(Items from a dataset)
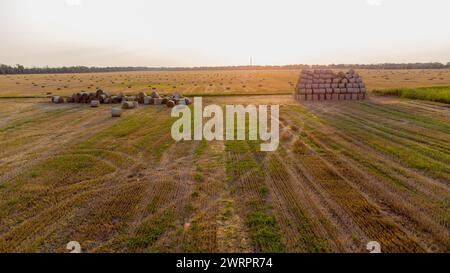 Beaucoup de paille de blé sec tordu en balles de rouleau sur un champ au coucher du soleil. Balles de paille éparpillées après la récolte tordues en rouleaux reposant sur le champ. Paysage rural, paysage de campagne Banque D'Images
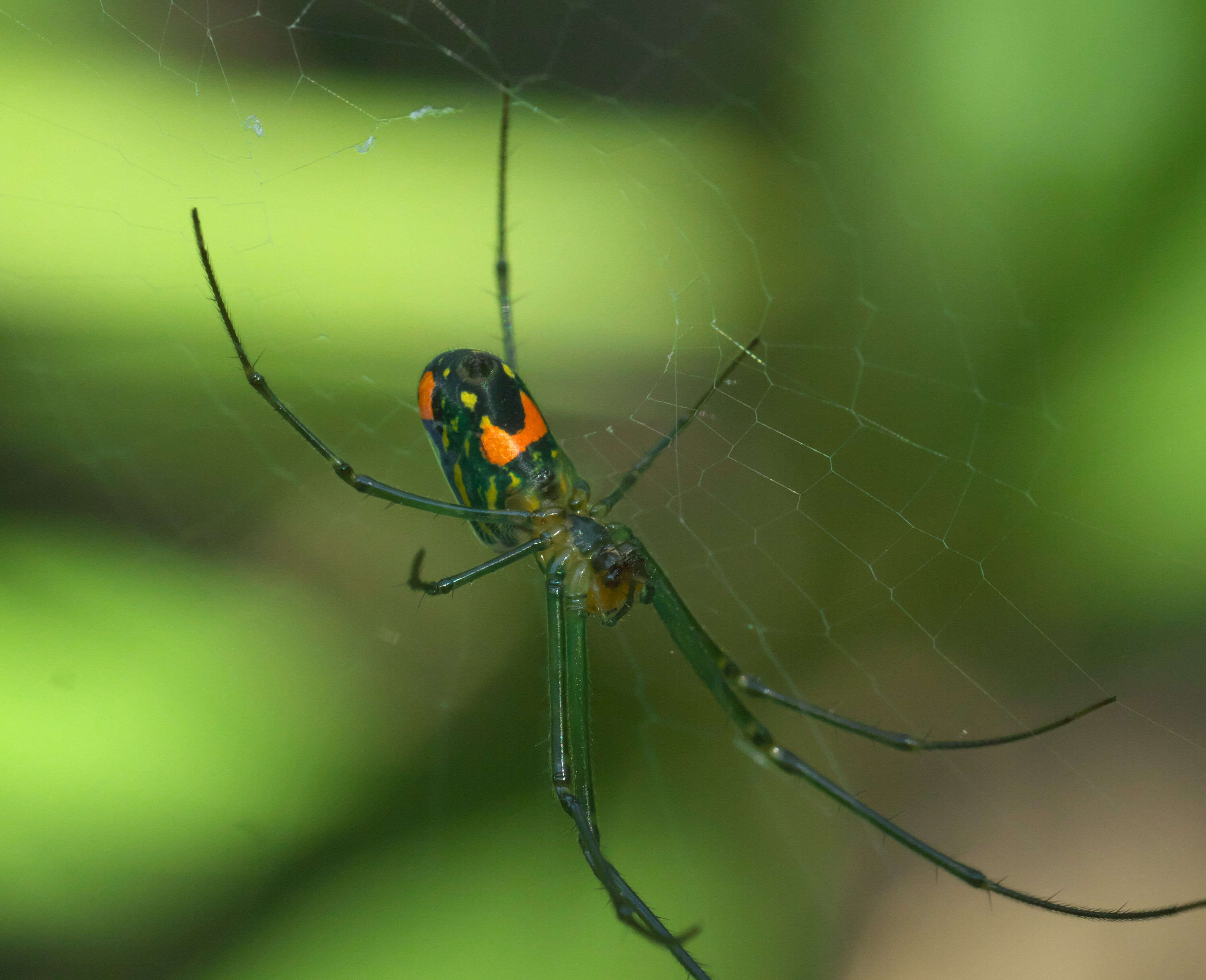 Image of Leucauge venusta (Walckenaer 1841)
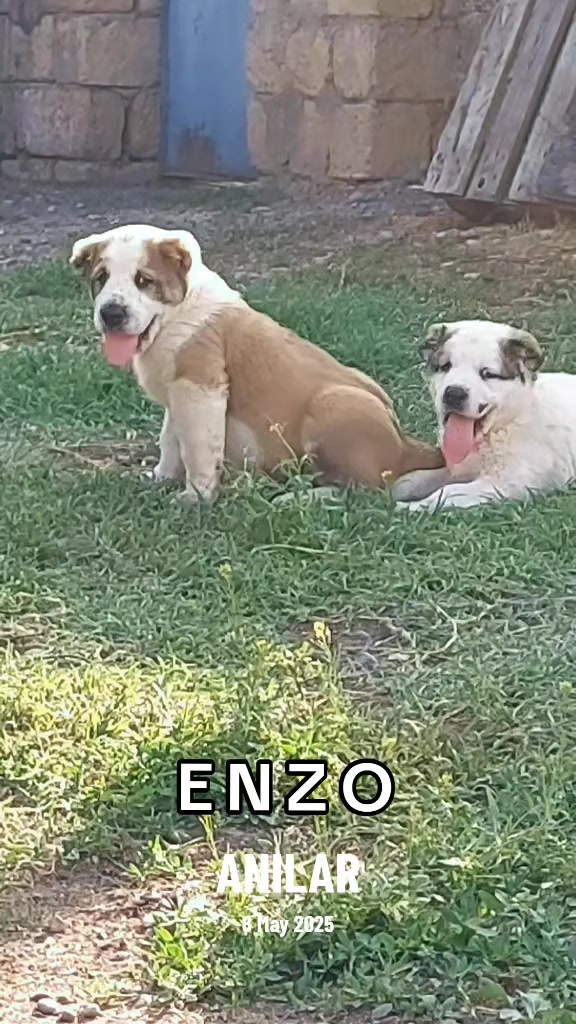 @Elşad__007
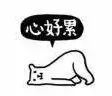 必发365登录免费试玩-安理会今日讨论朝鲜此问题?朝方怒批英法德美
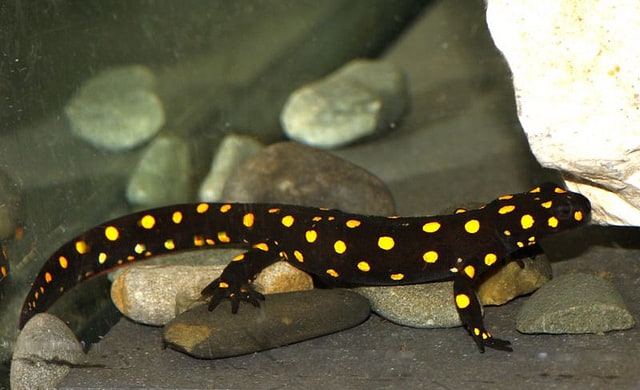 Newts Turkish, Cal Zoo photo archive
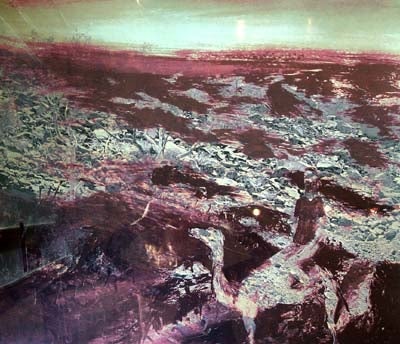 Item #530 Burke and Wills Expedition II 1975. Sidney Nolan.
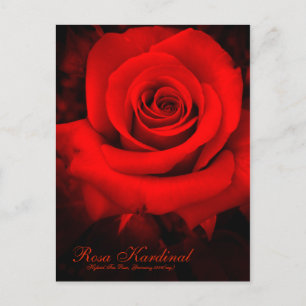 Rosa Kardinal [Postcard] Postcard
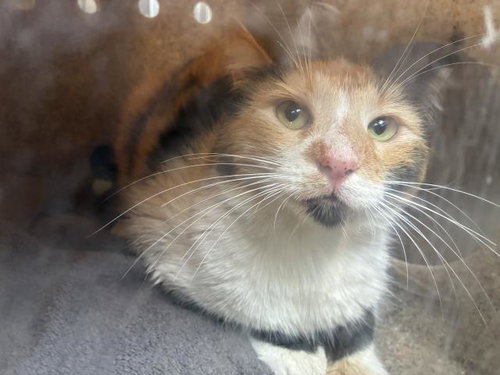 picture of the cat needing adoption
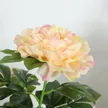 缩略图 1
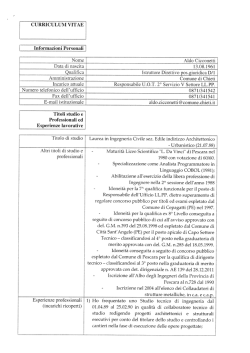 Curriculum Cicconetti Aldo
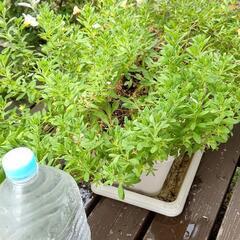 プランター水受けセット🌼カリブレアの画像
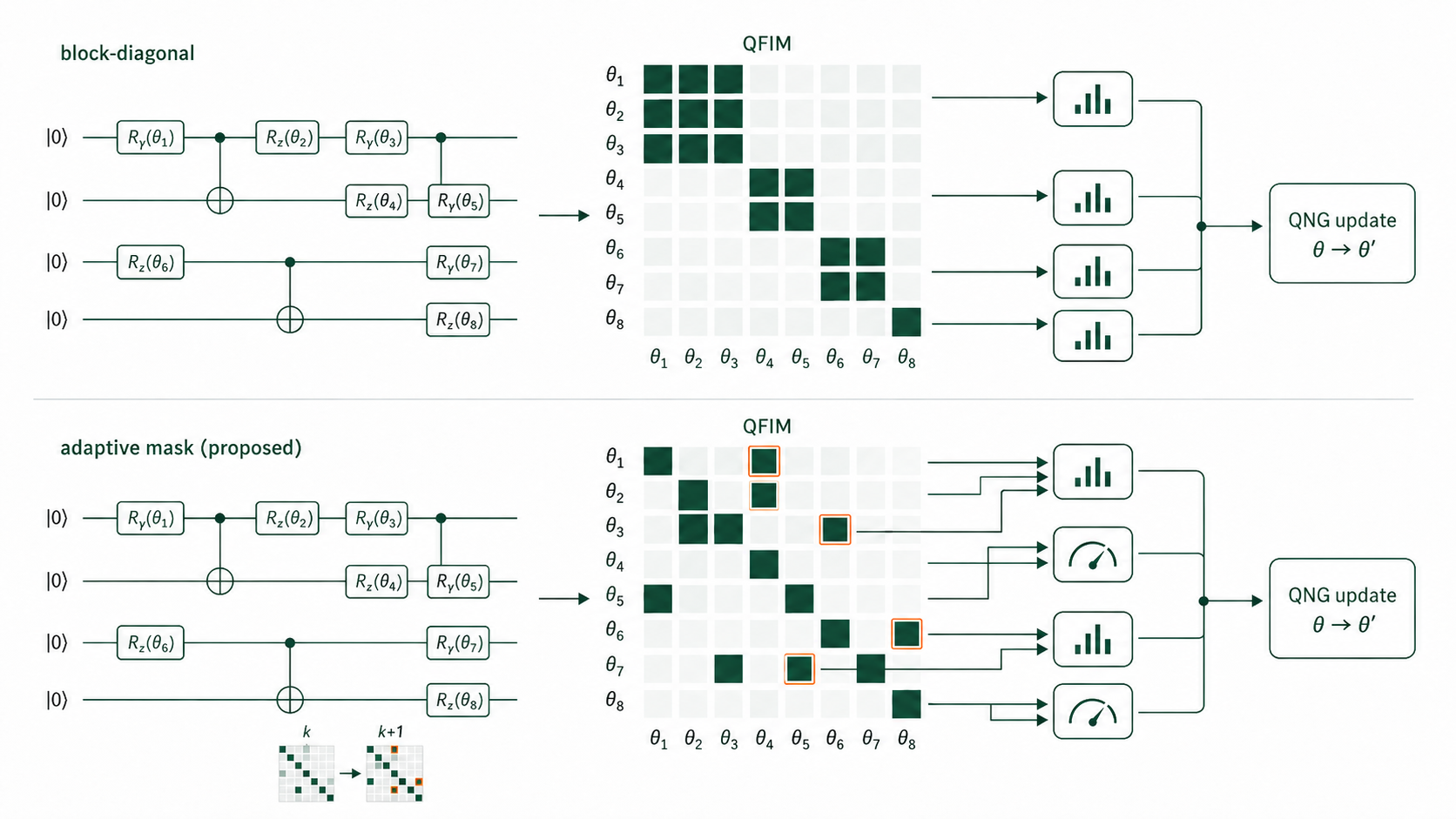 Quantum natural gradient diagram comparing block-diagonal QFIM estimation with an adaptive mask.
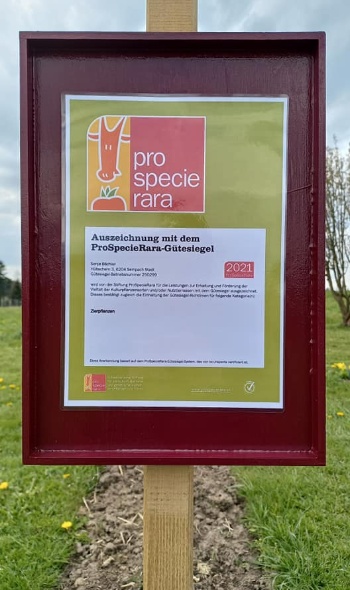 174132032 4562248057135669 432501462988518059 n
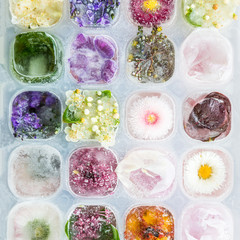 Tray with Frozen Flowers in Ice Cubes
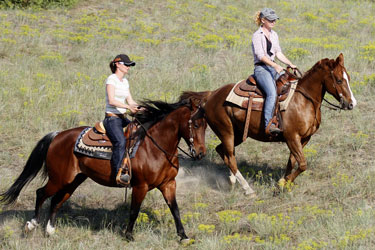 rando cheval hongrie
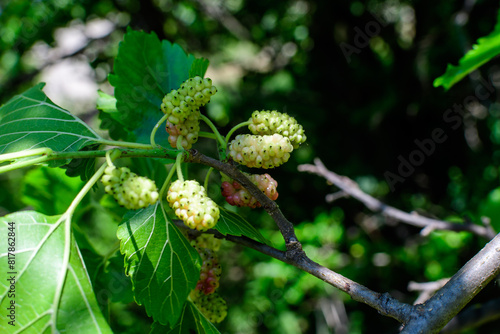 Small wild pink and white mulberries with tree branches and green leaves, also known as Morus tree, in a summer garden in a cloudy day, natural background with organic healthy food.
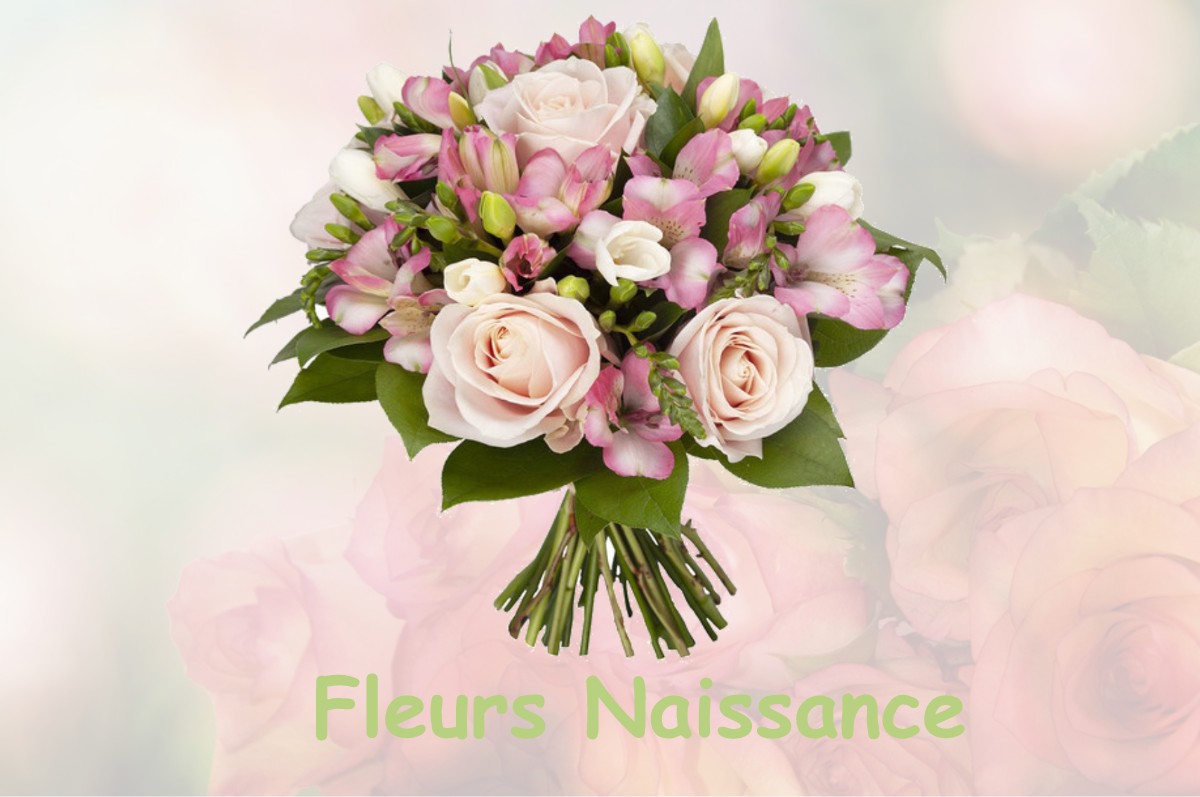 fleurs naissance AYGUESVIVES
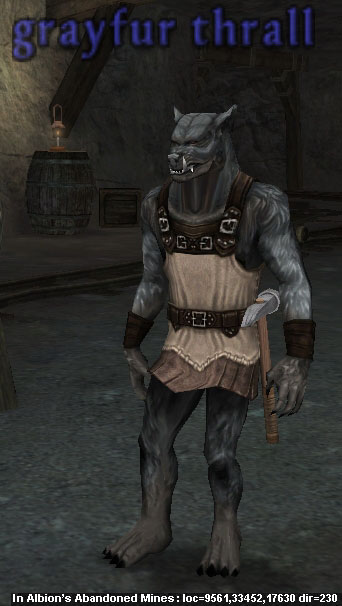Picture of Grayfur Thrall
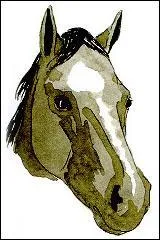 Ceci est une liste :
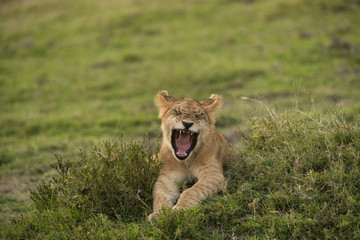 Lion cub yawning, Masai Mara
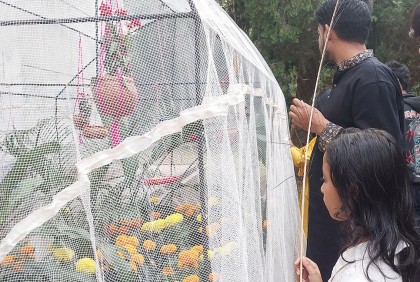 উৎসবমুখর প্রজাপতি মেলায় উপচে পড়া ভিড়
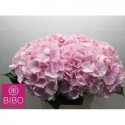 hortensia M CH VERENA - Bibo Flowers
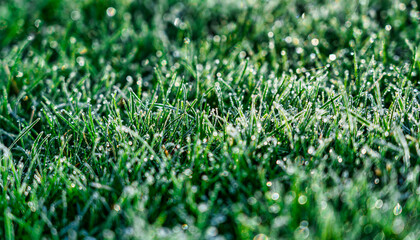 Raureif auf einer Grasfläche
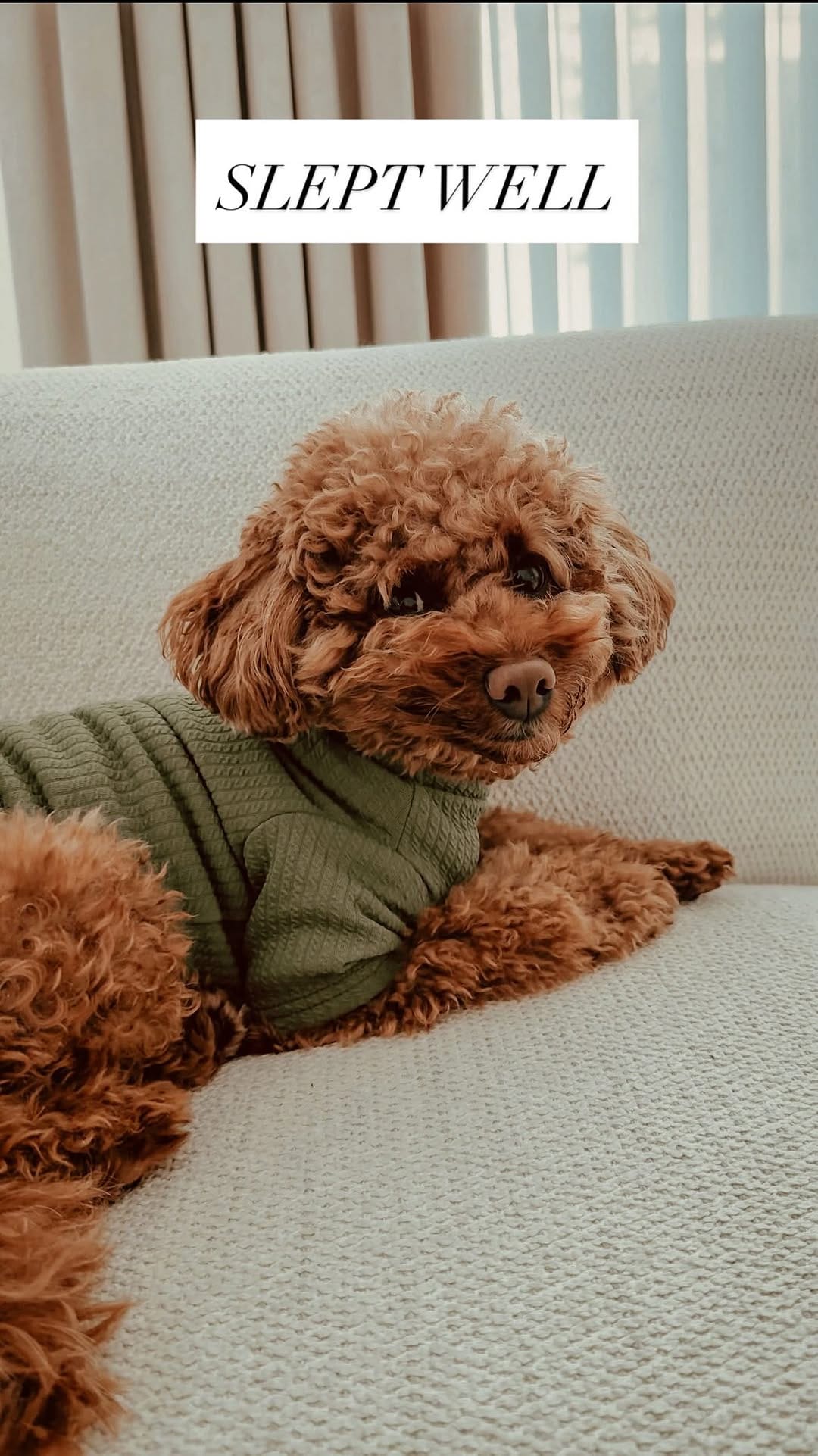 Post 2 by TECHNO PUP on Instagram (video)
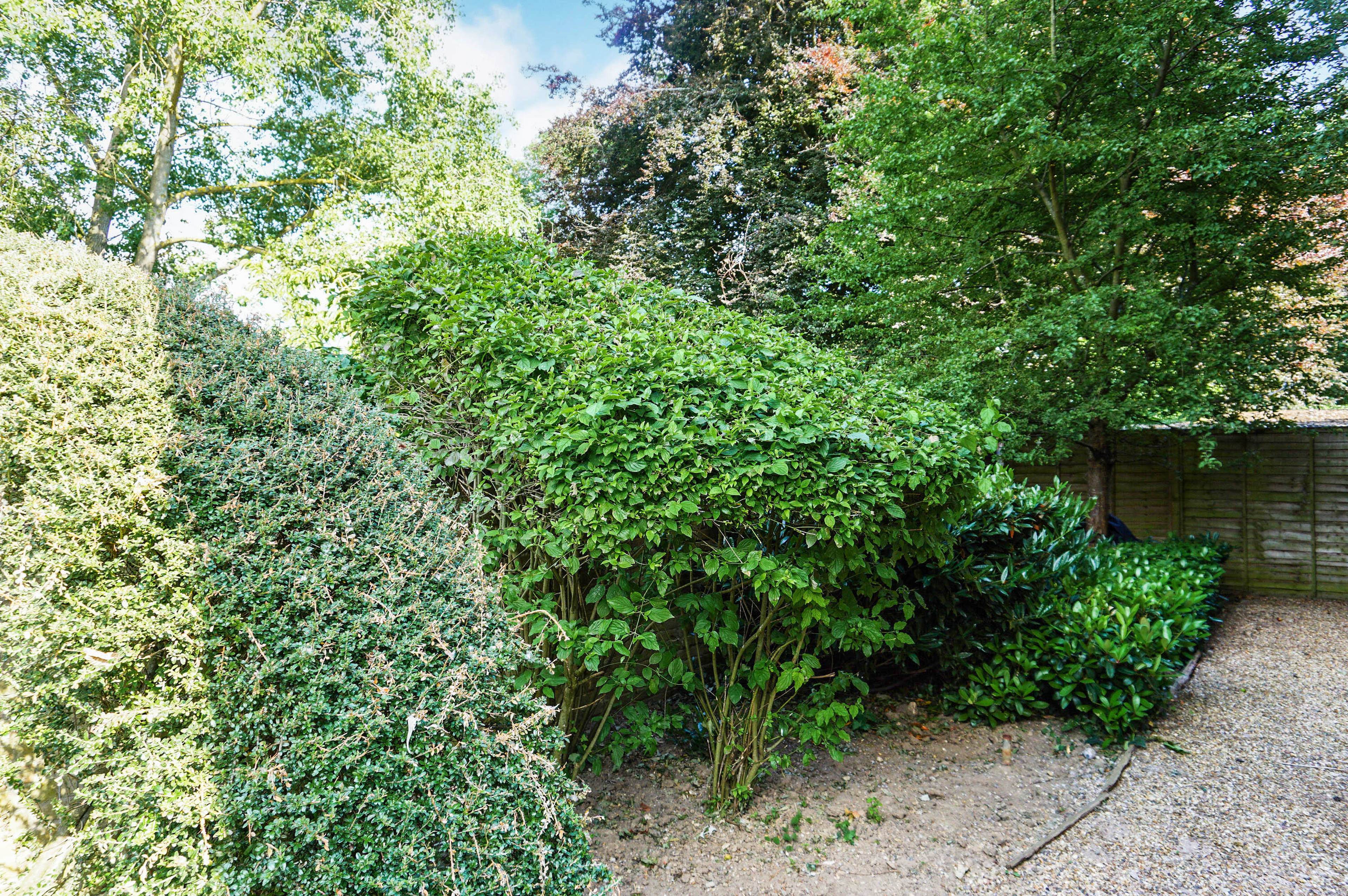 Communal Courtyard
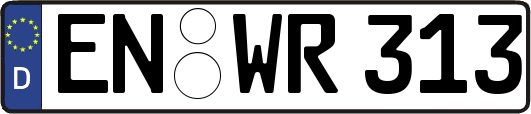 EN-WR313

* _Your assignment_: Copy exactly the lines that run from the line containing "プランター水受けセット🌼カリブレアの画像" to the end of the data above, keeping both end lines and leaving out all pictures.

* _Finished exercise_:
 プランター水受けセット🌼カリブレアの画像
 Quantum natural gradient diagram comparing block-diagonal QFIM estimation with an adaptive mask.
 174132032 4562248057135669 432501462988518059 n
 Tray with Frozen Flowers in Ice Cubes
 rando cheval hongrie
 Small wild pink and white mulberries with tree branches and green leaves, also known as Morus tree, in a summer garden in a cloudy day, natural background with organic healthy food.
 fleurs naissance AYGUESVIVES
Picture of Grayfur Thrall
 Ceci est une liste :
 Lion cub yawning, Masai Mara
 উৎসবমুখর প্রজাপতি মেলায় উপচে পড়া ভিড়
 hortensia M CH VERENA - Bibo Flowers
 Raureif auf einer Grasfläche
 Post 2 by TECHNO PUP on Instagram (video)
 Communal Courtyard
 EN-WR313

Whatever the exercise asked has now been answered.